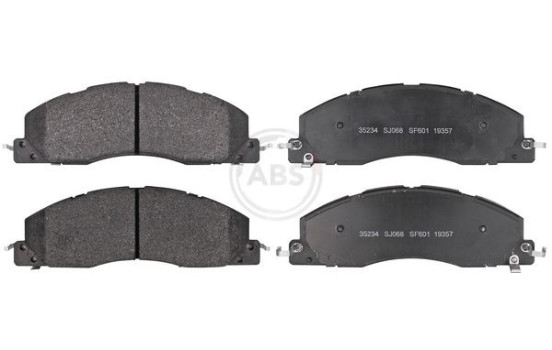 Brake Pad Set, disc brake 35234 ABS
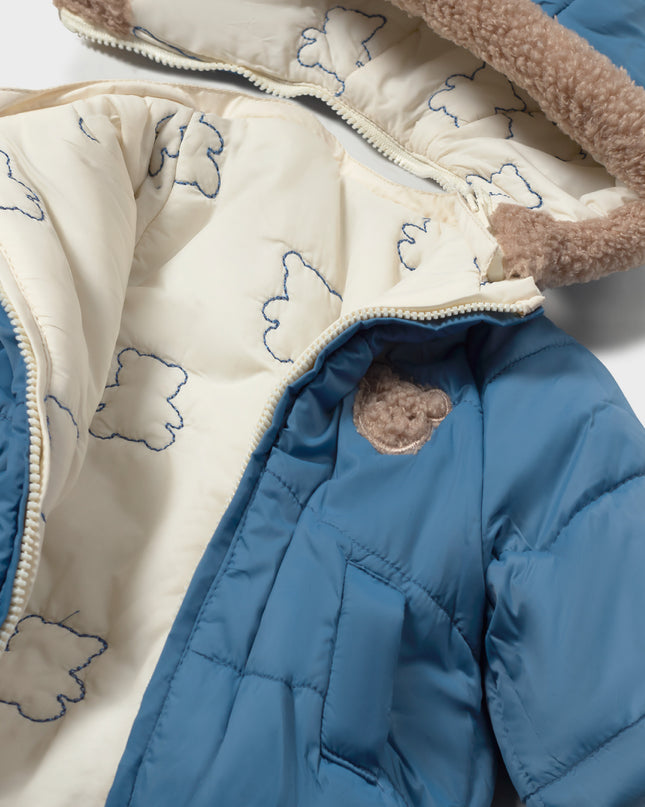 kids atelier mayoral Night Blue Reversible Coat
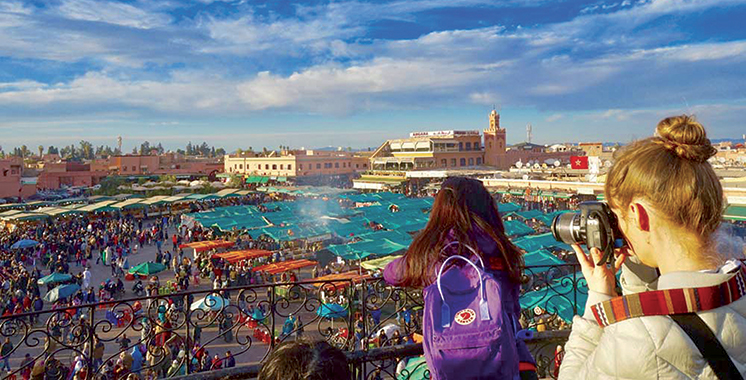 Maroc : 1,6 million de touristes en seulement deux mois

+ + + +

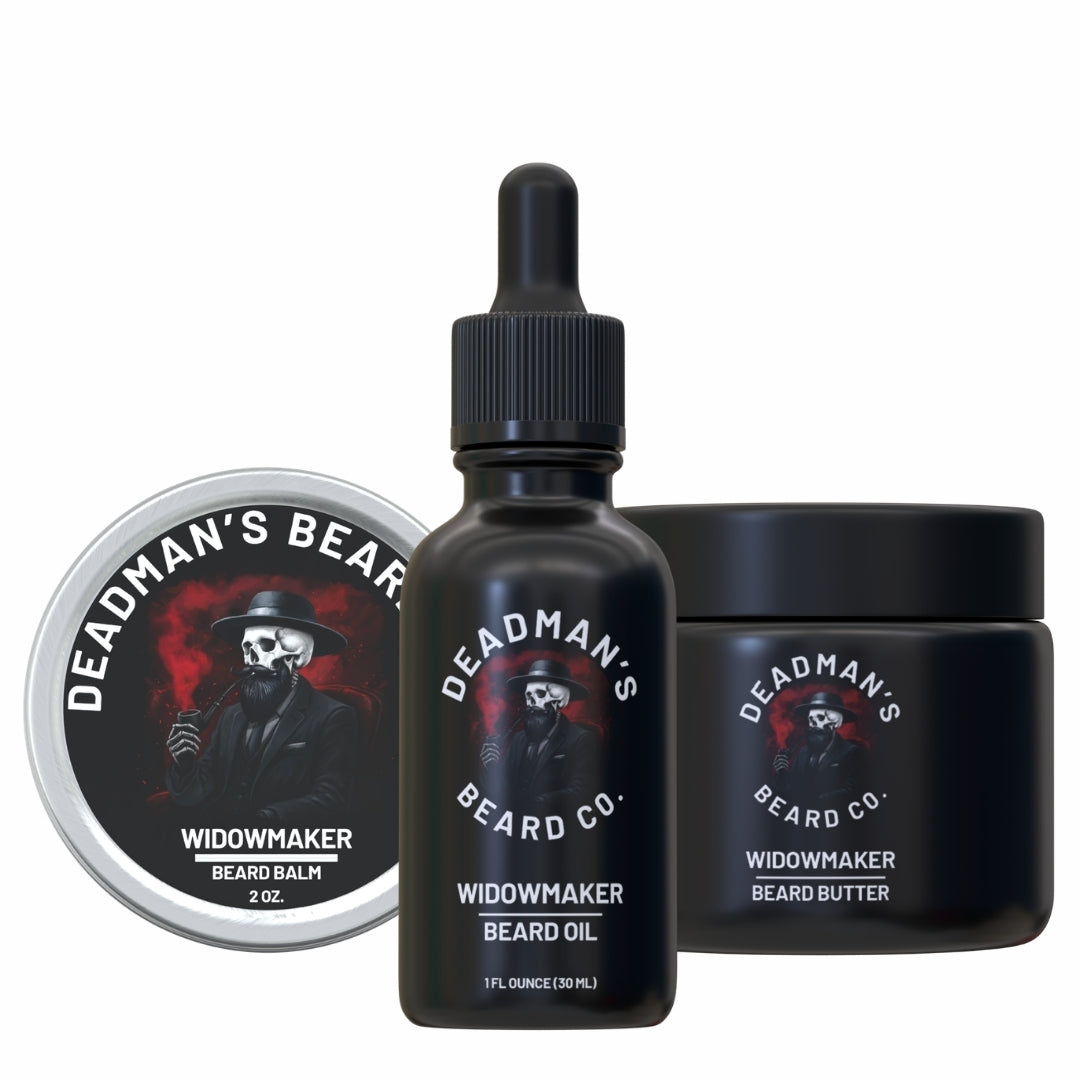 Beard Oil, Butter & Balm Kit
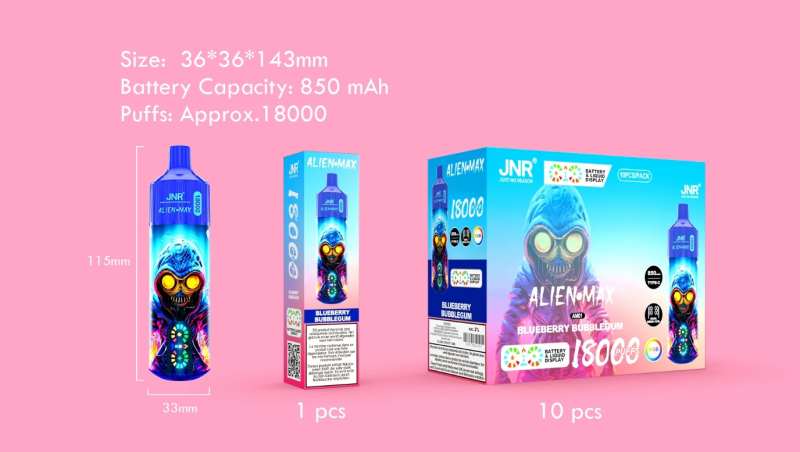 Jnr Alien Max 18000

+ + + +

Reproduce the records above exactly, but only from the line with "Brake Pad Set, disc brake 35234 ABS" up to and including the line with "Maroc : 1,6". Leave the pictures out.

● **Written solution**:
 Brake Pad Set, disc brake 35234 ABS
 kids atelier mayoral Night Blue Reversible Coat
 Maroc : 1,6 million de touristes en seulement deux mois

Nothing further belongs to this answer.